Finding all instances of a tag at once

What we did above was useful for figuring out how to navigate a page, but it took a lot of commands to do something fairly simple. If we want to extract a single tag, we can instead use the find_all method, which will find all the instances of a tag on a page.


In [13]:
# The tag 'p' refers to text. However, we will need to clean the result, which shows the tags.
soup.find_all('p');

In [14]:
soup.find_all('p')[15].get_text()

'Begiatürik den hitz ordü bakotxa azaroaren 27an izanen da xiberoko botzan'

In [15]:
# And here we add a condition:
soup.find_all('p', class_='n2-font-84674749537f8c78f9216705fcfdb018-paragraph');

The code above gives me the text I am interested in, but with the tags, which happen to have endless names. 

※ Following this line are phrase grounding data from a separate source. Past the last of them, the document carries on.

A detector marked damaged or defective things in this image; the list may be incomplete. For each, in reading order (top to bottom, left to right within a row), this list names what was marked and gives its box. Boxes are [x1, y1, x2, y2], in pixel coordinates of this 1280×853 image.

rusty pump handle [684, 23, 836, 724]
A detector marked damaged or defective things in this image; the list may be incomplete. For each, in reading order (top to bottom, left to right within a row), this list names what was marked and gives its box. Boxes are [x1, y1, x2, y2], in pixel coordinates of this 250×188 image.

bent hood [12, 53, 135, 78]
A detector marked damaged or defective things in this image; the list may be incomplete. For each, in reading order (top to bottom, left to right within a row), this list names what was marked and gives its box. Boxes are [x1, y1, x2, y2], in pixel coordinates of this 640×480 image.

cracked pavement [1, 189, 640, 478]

I decide to save the output of the code above into a .txt file, and then clean it with RE

In [16]:
dirty_text = soup.find_all('p', class_='n2-font-84674749537f8c78f9216705fcfdb018-paragraph')
%store dirty_text >xb_dirty.txt

Writing 'dirty_text' (ResultSet) to file 'xb_dirty.txt'.

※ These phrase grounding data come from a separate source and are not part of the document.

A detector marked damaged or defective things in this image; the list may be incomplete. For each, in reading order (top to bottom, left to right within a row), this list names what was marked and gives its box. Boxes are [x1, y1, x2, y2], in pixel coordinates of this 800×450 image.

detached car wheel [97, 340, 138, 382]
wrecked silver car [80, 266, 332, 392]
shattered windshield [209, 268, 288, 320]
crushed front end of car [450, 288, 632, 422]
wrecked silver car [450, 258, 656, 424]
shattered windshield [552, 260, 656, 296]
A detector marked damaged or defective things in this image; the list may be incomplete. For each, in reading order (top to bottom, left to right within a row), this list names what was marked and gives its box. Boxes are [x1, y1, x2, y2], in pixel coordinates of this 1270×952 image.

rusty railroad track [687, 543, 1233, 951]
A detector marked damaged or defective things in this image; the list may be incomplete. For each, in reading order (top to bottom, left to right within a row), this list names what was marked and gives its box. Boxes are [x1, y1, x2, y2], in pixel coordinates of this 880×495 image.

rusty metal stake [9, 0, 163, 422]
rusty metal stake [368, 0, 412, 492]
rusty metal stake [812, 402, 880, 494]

Now I clean the text previously saved, by writing in the file:

In [17]:
with open('xb_dirty.txt', 'r') as file:
    filedata = file.read()
filedata = filedata.replace('<p class="n2-font-84674749537f8c78f9216705fcfdb018-paragraph n2-style-2e69df52557e65e0b420ac781d38f41a-heading n2-ow">', '')

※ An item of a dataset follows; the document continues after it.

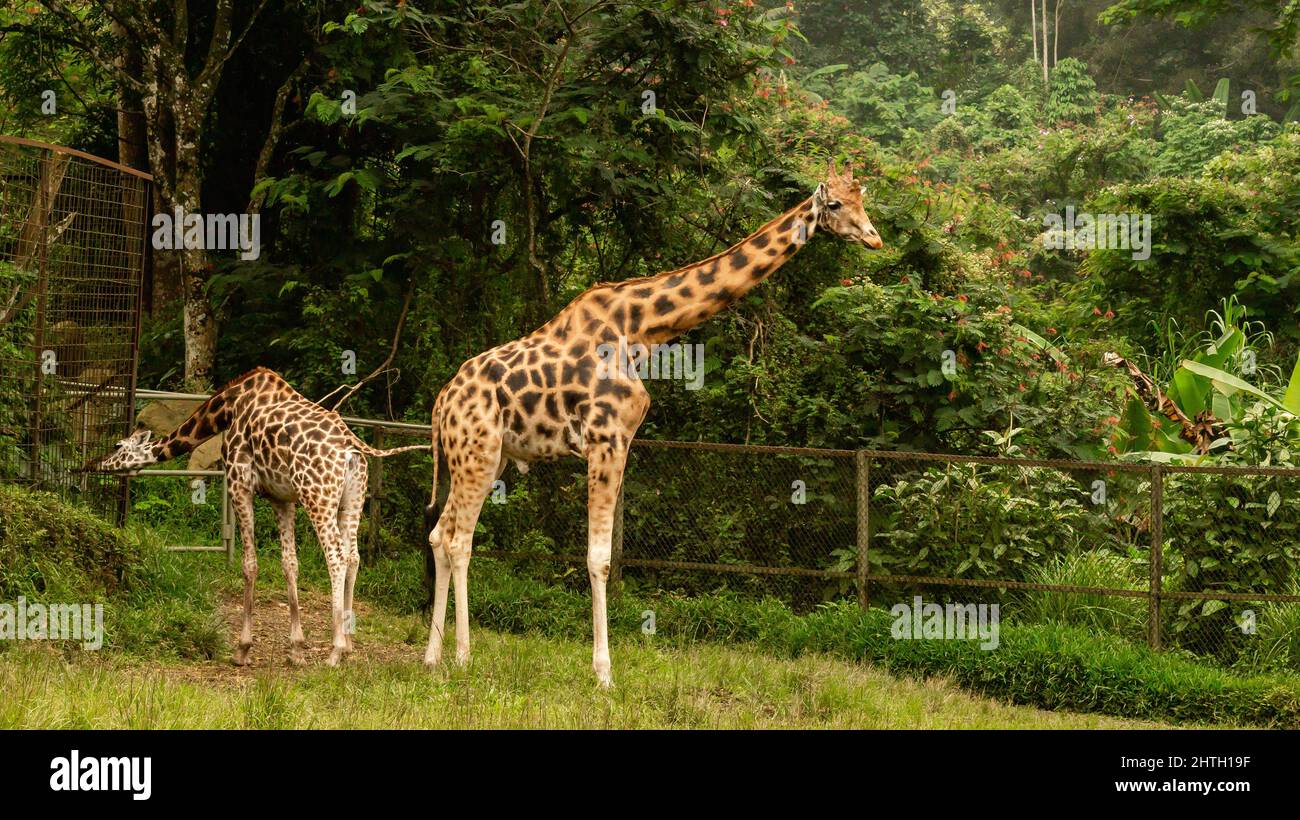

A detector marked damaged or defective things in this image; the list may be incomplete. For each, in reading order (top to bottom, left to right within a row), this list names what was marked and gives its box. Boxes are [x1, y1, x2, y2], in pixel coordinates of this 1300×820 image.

rusty metal gate [0, 134, 149, 519]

# Write the file out again
with open('xb_dirty.txt', 'w') as file:
    file.write(filedata)

# Извините меня.

I wanted to do some preprocessing with the Souletin text, but I just did not managed. In the web I found a good lemmatizer for Basque (https://github.com/ixa-ehu/ixa-pipe-pos), but it has not been developed to work in python. 

Then I found a lemmatizer (https://nlp.johnsnowlabs.com/2020/07/29/lemma_eu.html) that allows working with python, and here the problems arose when downloading.